> Exercise: Transcribe, exactly and in full, every record shown below, while omitting its images.

> Data for this exercise:
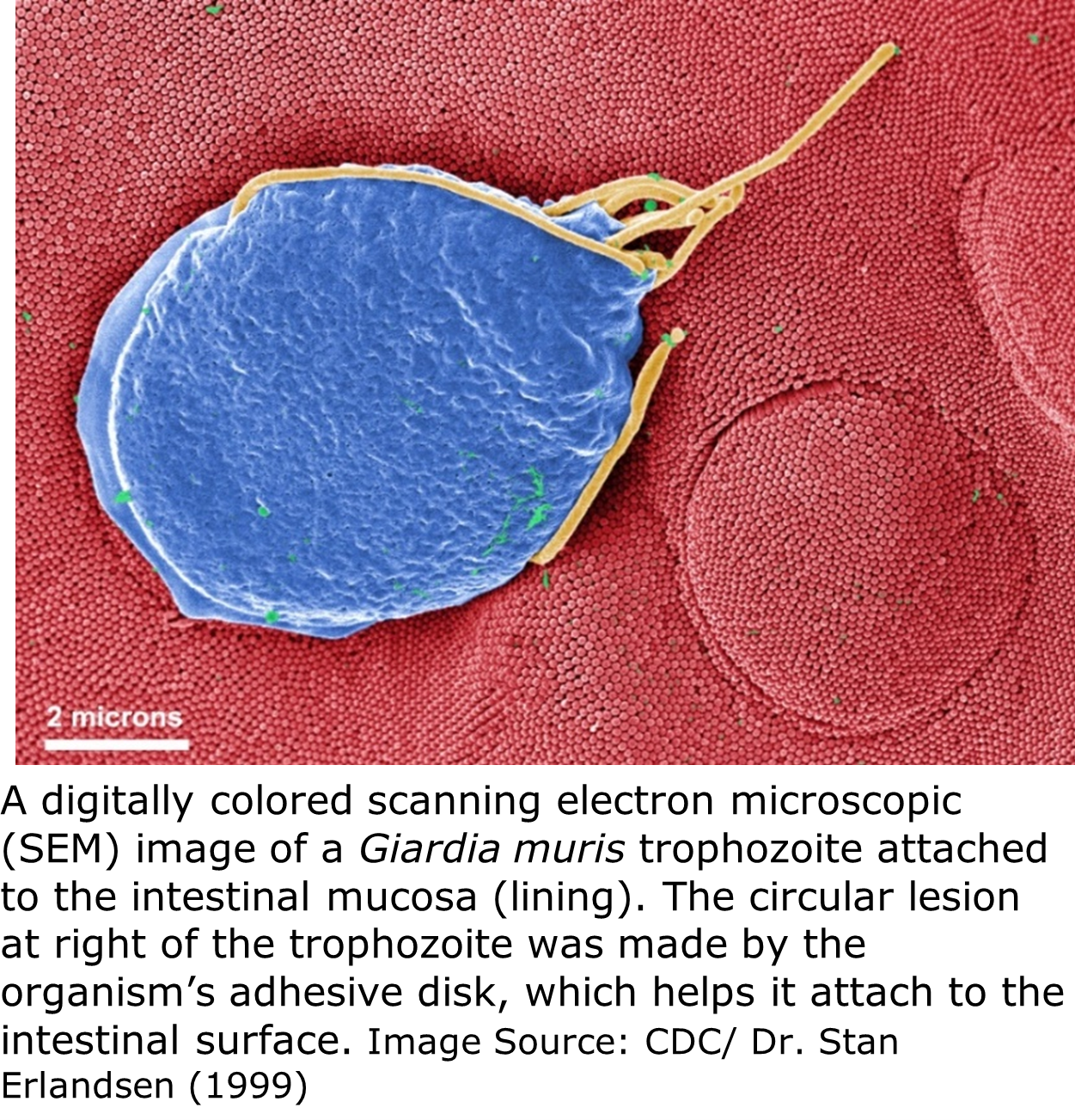 An electron microscopic image of a giardia parasite attached to the intestinal mucosa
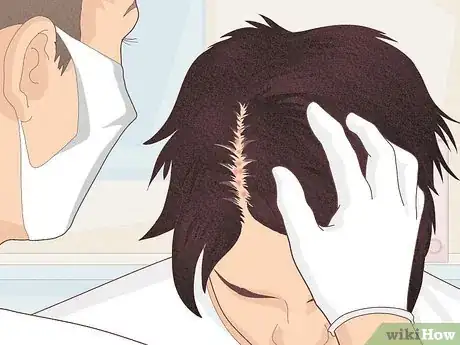 Imagen titulada Bumps on Scalp Step 15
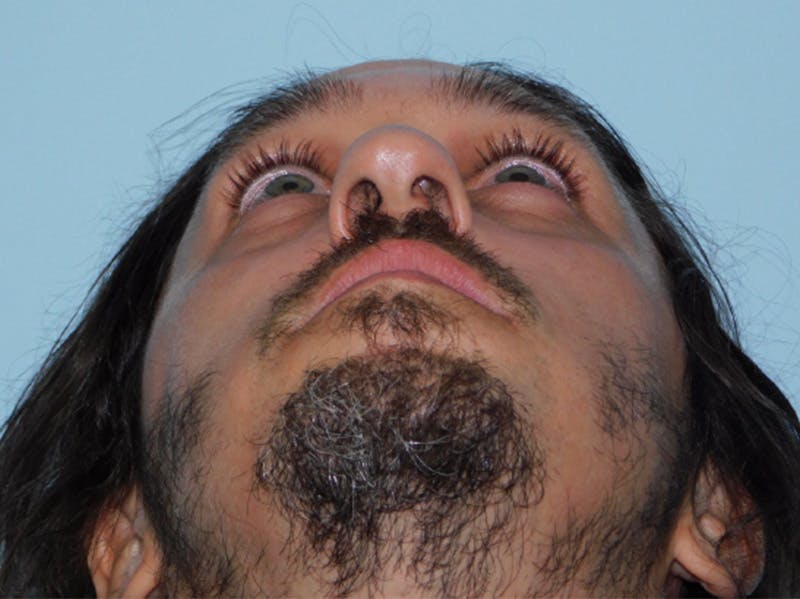 Rhinoplasty Before & After Gallery - Patient 133066419 - Image 9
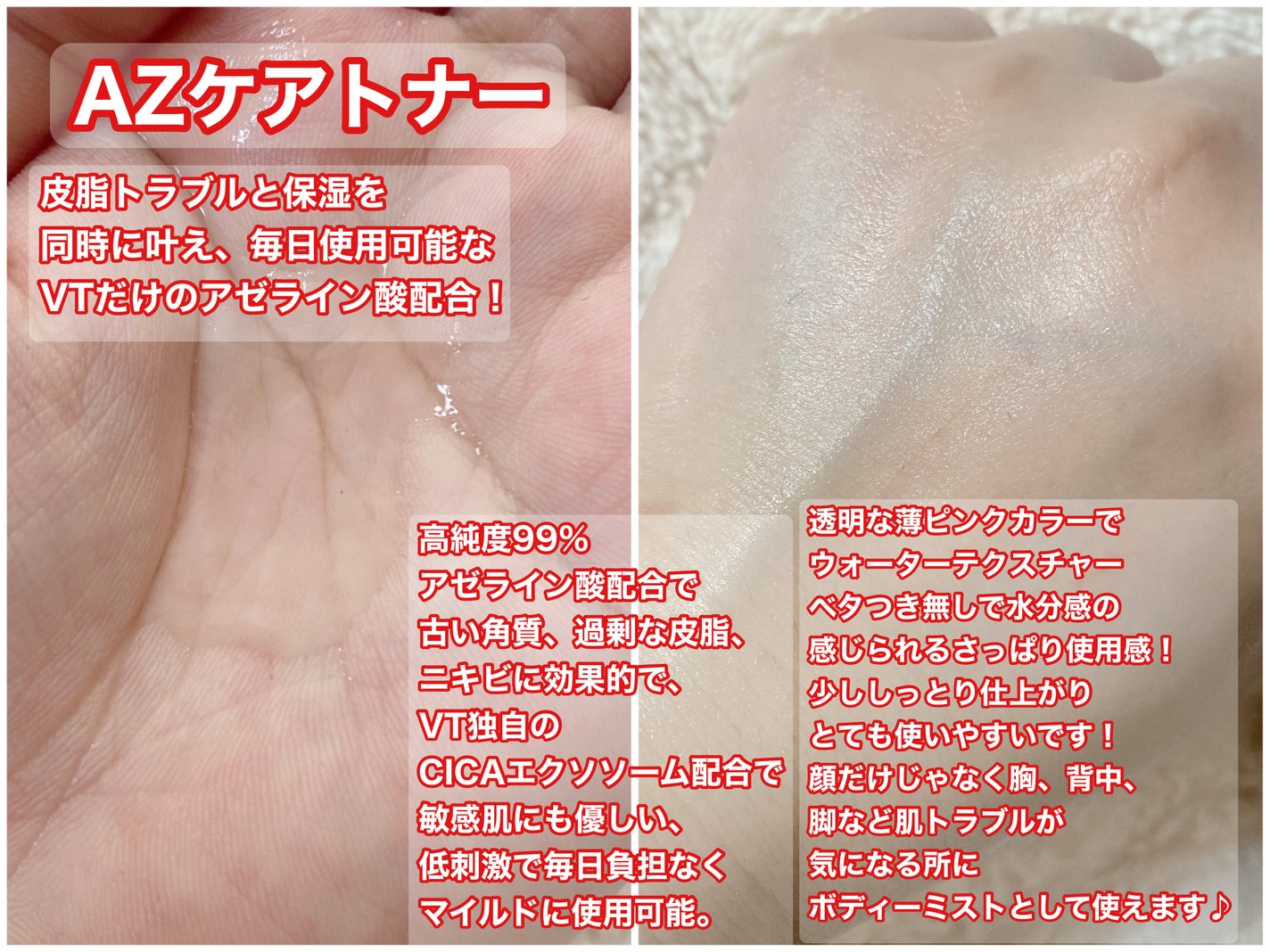 AZケア マスク/VT/シートマスク・パックを使ったクチコミ(2枚目)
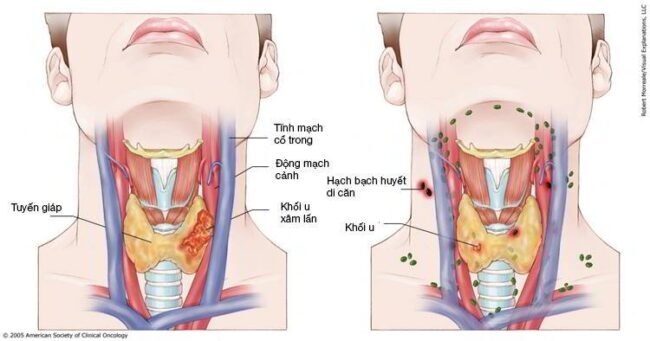 triệu chứng bệnh ung thư vòm họng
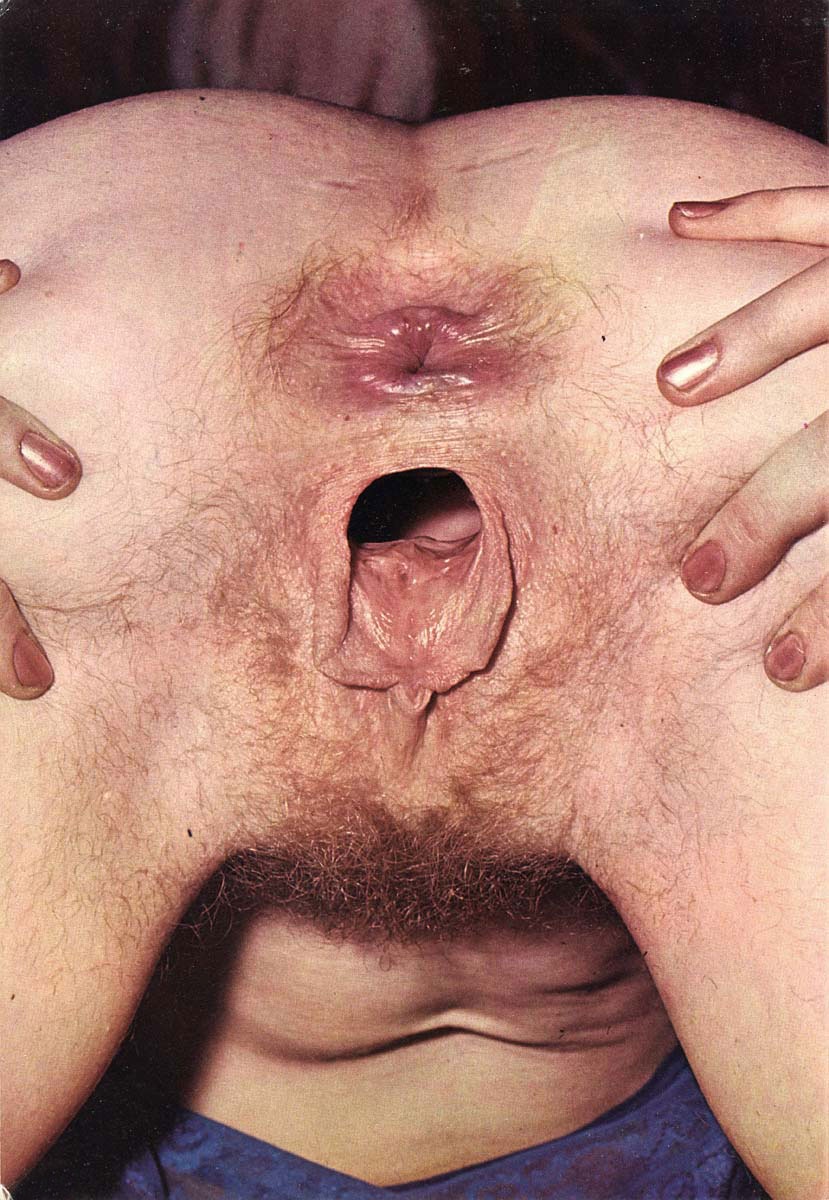 Порно уродство половых органов (60 фото) - порно grantafl.ru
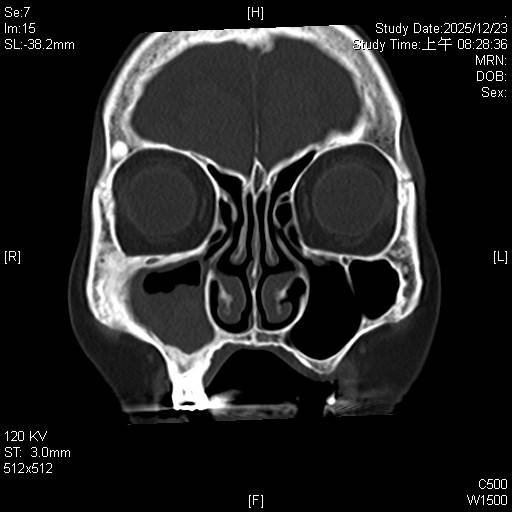 圖3東元綜合醫院耳鼻喉科詹健暘醫師利用鼻竇內視鏡微創手術開擴鼻竇開口徹_ - 報新聞 Mega News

> Task answer:
 An electron microscopic image of a giardia parasite attached to the intestinal mucosa
 Imagen titulada Bumps on Scalp Step 15
 Rhinoplasty Before & After Gallery - Patient 133066419 - Image 9
 AZケア マスク/VT/シートマスク・パックを使ったクチコミ(2枚目)
 triệu chứng bệnh ung thư vòm họng
 Порно уродство половых органов (60 фото) - порно grantafl.ru
 圖3東元綜合醫院耳鼻喉科詹健暘醫師利用鼻竇內視鏡微創手術開擴鼻竇開口徹_ - 報新聞 Mega News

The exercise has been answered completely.